I. What constitutes “sufficiently serious indicia” to initiate a dawn raid?
The General Court confirmed that a Commission inspection must be justified by “sufficiently serious indicia” substantiating the possibility of an anticompetitive practice.[6] This standard does not require the Commission to prove that the suspected behavior exists, but only to demonstrate a reasonable “suspicion of an infringement.”[7] Michelin and Red Bull have further confirmed that (i) where a dawn raid covers distinct time periods during which anticompetitive conduct may have occurred, the Commission must adduce sufficiently serious indicia for each relevant period, and (ii) a market participant’s detailed complaint may, on its own, constitute indicia sufficiently serious to justify an inspection.
Sufficiently Serious Indicia for Each Period Under Investigation
In Michelin, the Commission initiated a dawn raid in relation to documents falling within two periods, the “main period” and an “earlier period.”[8] The General Court held that the Commission had not “sufficiently established” that it was plausible that Michelin had coordinated prices during the earlier period.[9]
In that case, to identify supporting “indicia” of anticompetitive conduct, the Commission conducted a detailed review of publicly available earnings call transcripts from both the main and the earlier periods.[10] This review, in the General Court’s view, yielded sufficiently serious indicia of potential collusion only for the main period. The General Court found that it “must take into consideration” the Commission’s inability to provide similar evidence that was contemporaneous to the earlier period, in circumstances where the Commission was able to provide such indicia for the main period,[11] and annulled the portion of the Commission’s decision that related to the earlier period.

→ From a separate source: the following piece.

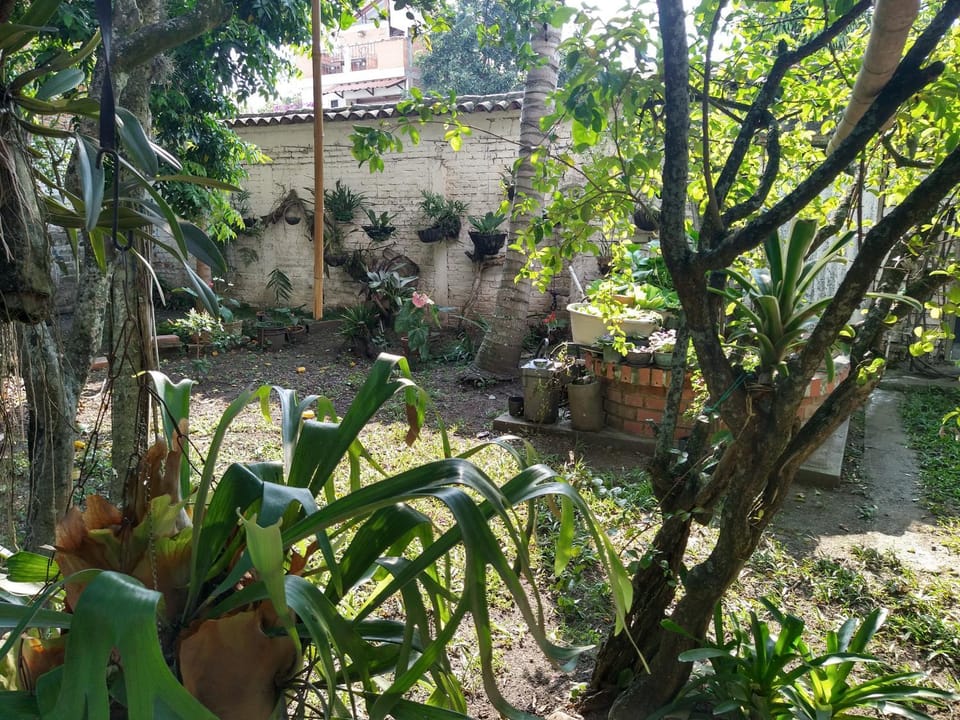 Inner courtyard view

Competitor Complaints as a Basis for Conducting Dawn Raids
In Red Bull, the General Court found that the Commission had collected sufficiently serious indicia across all three categories of suspected behavior in that case. The detailed 80-page complaint that a “well-informed” competitor submitted against Red Bull was central to this finding.[12] The General Court held that a “coherently formulated written complaint” from a market participant may, on its own, constitute indicia sufficiently serious to justify an inspection.[13] Moreover, the Commission did not simply rely on the informal complaint but repeatedly tested its plausibility by requesting successive rounds of supplementary information from the complainant: five detailed supplementary submissions covering market definition, market shares, de-listings, alleged anticompetitive strategies, corporate structure, turnover estimates, additional indicia and further clarifications through multiple emails and telephone calls with the complainant.[14] The General Court also confirmed that the Commission is not required to contact any third parties in order to verify the allegations made in the complaint prior to an inspection, as to do so would jeopardize the element of surprise essential to unannounced inspections.[15]

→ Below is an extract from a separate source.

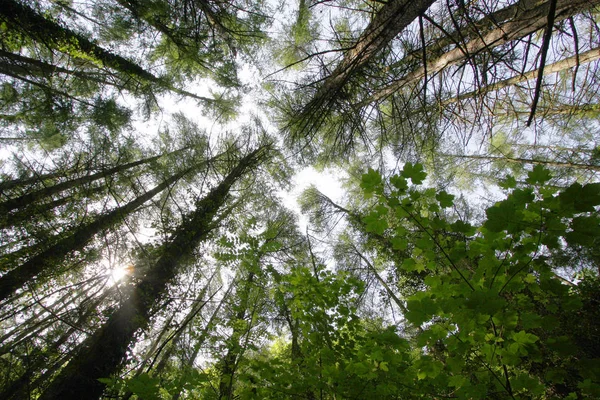 Geniş açı ağaçlar ve gökyüzü — Stok fotoğraf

II. Use of Digital Tools in Dawn Raids
Market-Surveillance Techniques to Gather Indicia of Anticompetitive Conduct
Michelin sheds light on the Commission’s digital market-surveillance techniques that served to gather indicia used to justify a dawn raid. To investigate anticompetitive coordination, the Commission established a system of market monitoring to analyze “several hundred thousand earnings calls in various sectors and in a number of geographical areas to identify suspicious behavior.”[16] The Commission first conducted algorithmic screening of these earnings calls, searching for specific two-word combinations (“bigrams”) on strategic decisions, price expectations, and references to competitors’ behavior.[17] The Commission designed these bigrams to identify potential signals of coordinated pricing intentions embedded in public investor communications. The Commission then performed a manual “qualitative” review of the results to identify statements that could be plausibly interpreted as price signaling, such as “we want to send a signal” or “the strategy is to focus on.”[18]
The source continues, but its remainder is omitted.